Nationalism Psychology

The Article: The Everyday Psychology of Nationalism by Monica Kim in The Atlantic.

The Text: It was a good old-fashioned Olympic scandal in Sochi, when South Korean figure skater Kim Yuna, known as “the Queen,” lost to a less experienced Russian. The judgment spurred millions of angry Tweets, and a Change.org petition protesting the result was the fastest growing one on site record—reportedly more than 1.2 million signatures in about 12 hours.

Skating officials and fans around the world have questioned the decision, but critics remain focused on the South Korean outrage, largely since their sports fanaticism has made headlines before. Diehard citizens of countries like South Korea may seem odd to some; a post on Yahoo had the misguided headline: “Deal with it, South Korea.” But that injunction doesn’t really understand the nature and depth of nationalist feeling—and the extent to which a sentiment often associated with extremism, even war, can be pervasive in the psychology of everyday life, including in sports fandom.

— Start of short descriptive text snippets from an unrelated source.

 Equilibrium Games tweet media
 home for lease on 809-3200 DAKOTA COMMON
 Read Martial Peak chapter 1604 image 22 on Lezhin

The ideology of nationalism has a complex history, originating in early-modern Europe and evolving in many different ways as it’s spread throughout the world. Today nationalism can be civic, ethnic, or a combination of the two, but all nationalists “carry strong attitudes and beliefs about their own people and about others, who feel their attachment to their nation passionately, and who even, at times, act with great cruelty against their enemies,” according to Joshua Searle-White in his book The Psychology of Nationalism. This “us versus them” mentality and its negative effects—pogroms, Nazism—have been well examined from a political and historical standpoint, but surprisingly few have studied its psychological roots. From a social psychological perspective, nationalist sentiment is thought to stem from two main points: attachment and identity.